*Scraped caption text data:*
· · ·

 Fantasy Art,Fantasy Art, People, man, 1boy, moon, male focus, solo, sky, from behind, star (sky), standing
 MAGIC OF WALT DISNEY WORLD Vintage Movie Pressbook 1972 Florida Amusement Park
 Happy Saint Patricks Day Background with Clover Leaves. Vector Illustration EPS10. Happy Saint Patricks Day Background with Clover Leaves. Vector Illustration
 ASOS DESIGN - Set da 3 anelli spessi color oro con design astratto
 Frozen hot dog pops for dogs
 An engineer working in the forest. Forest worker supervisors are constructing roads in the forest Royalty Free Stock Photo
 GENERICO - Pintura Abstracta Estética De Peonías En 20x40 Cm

· · ·

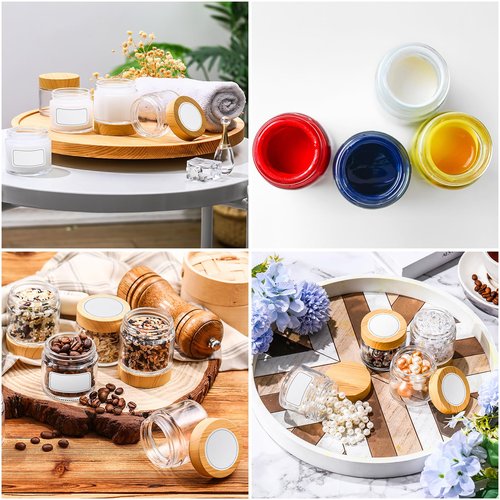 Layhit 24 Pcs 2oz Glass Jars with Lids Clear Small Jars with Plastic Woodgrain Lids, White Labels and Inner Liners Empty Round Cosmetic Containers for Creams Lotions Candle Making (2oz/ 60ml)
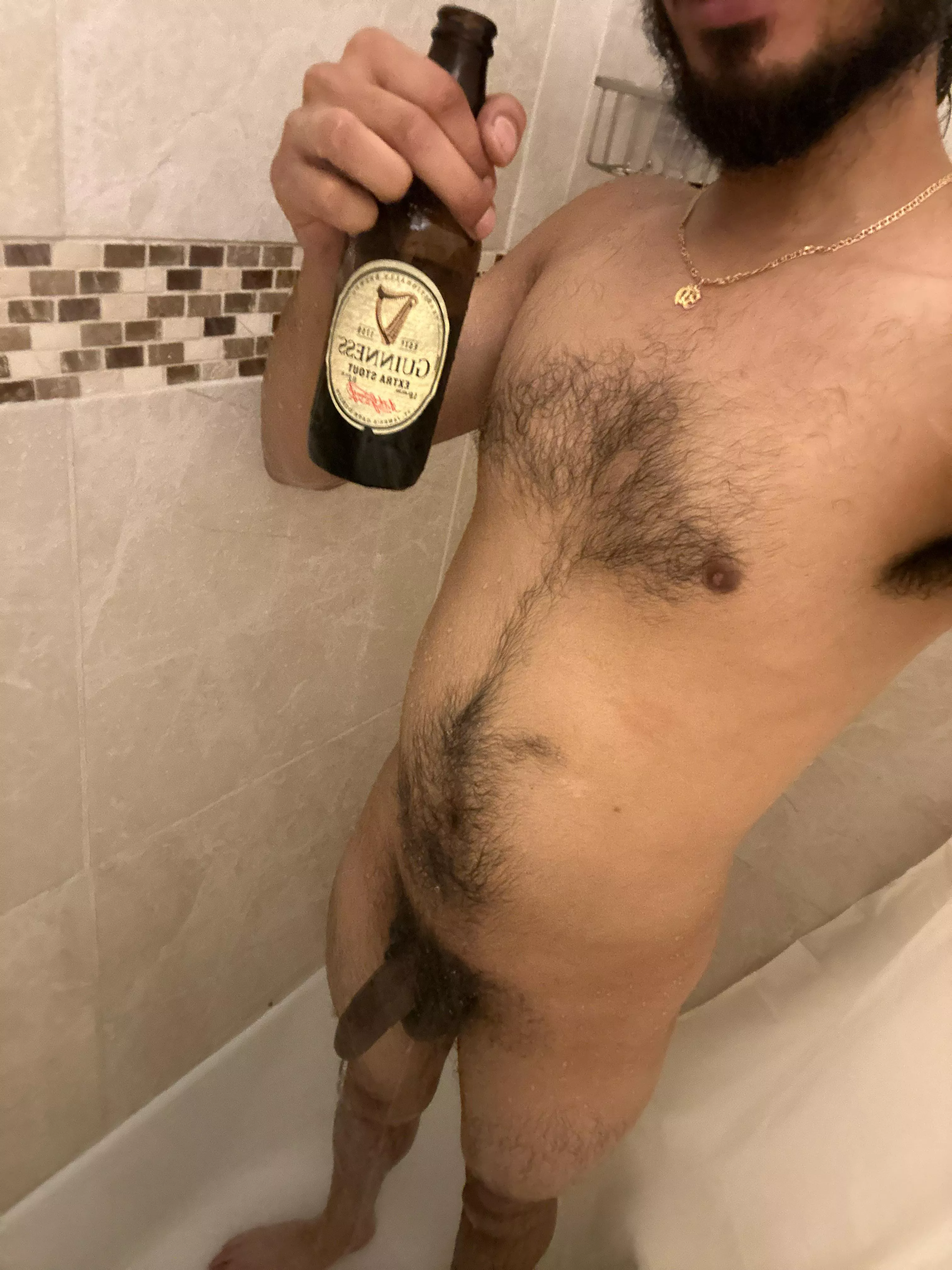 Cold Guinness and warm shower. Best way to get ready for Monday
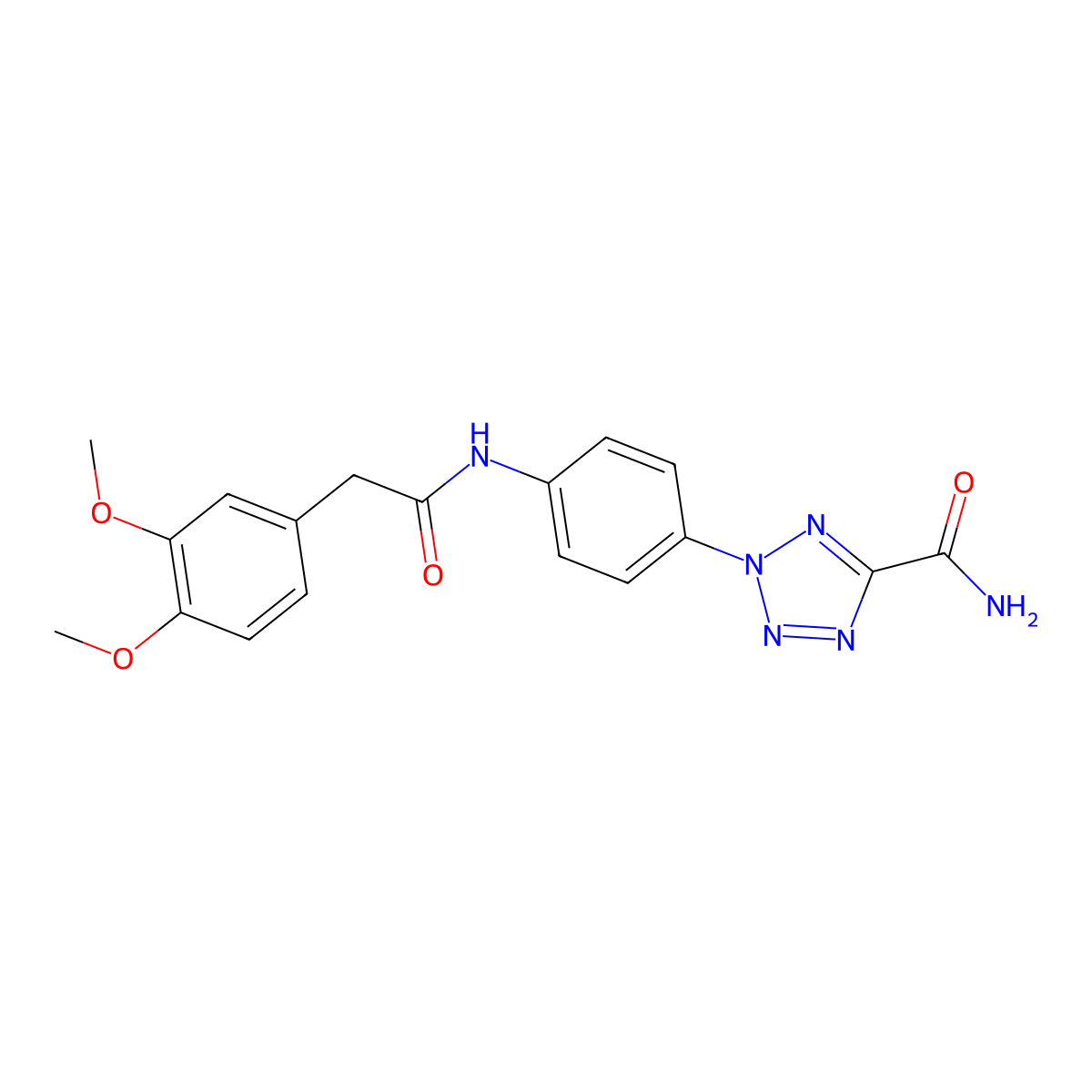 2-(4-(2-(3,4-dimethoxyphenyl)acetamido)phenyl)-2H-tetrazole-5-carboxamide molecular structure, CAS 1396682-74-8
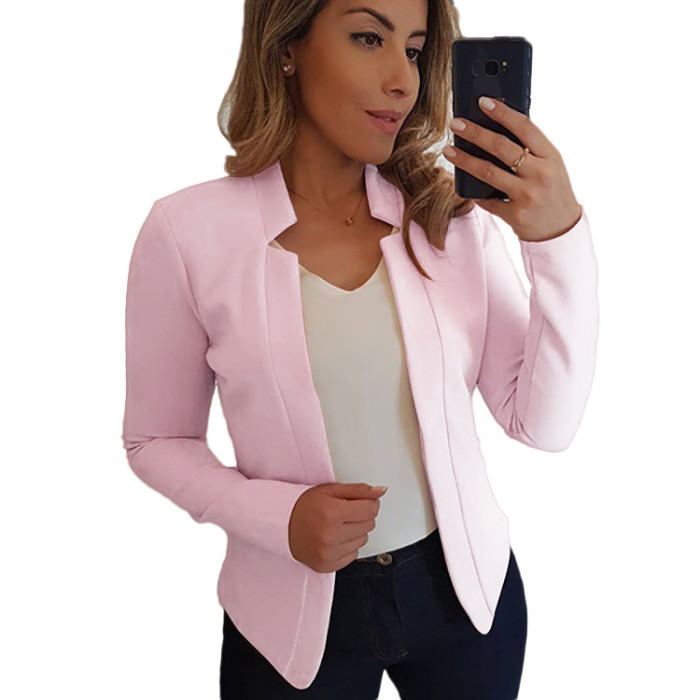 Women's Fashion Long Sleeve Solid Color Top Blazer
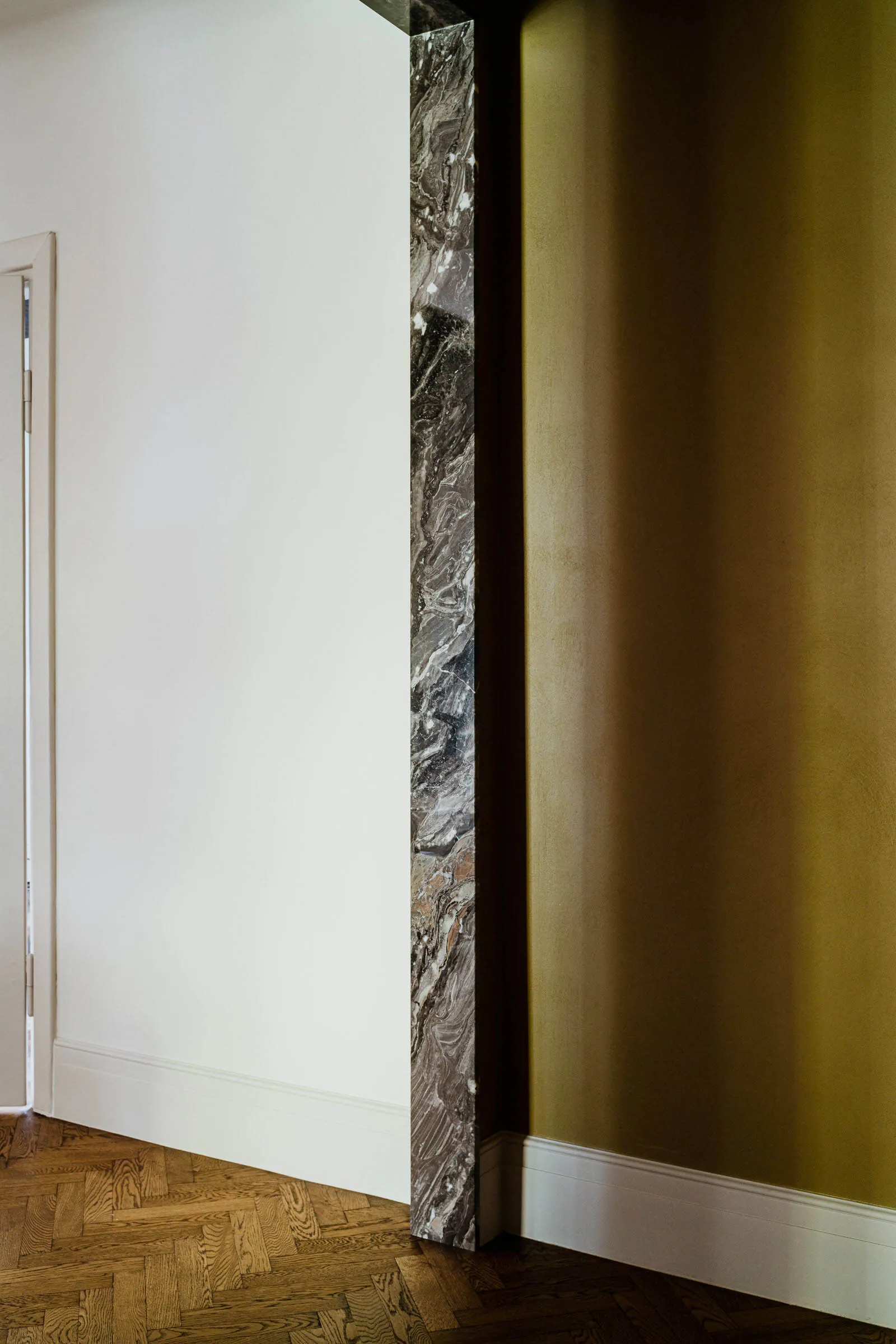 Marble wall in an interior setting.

· · ·

*WHAT YOU WILL DO:* Starting at the line with "structure, CAS 1396682-74-8" in the entries above, write out every line exactly until the line with "Marble wall in an interior setting." has been written. Include no pictures and nothing more.

*TASK SOLUTION:*
 2-(4-(2-(3,4-dimethoxyphenyl)acetamido)phenyl)-2H-tetrazole-5-carboxamide molecular structure, CAS 1396682-74-8
 Women's Fashion Long Sleeve Solid Color Top Blazer
 Marble wall in an interior setting.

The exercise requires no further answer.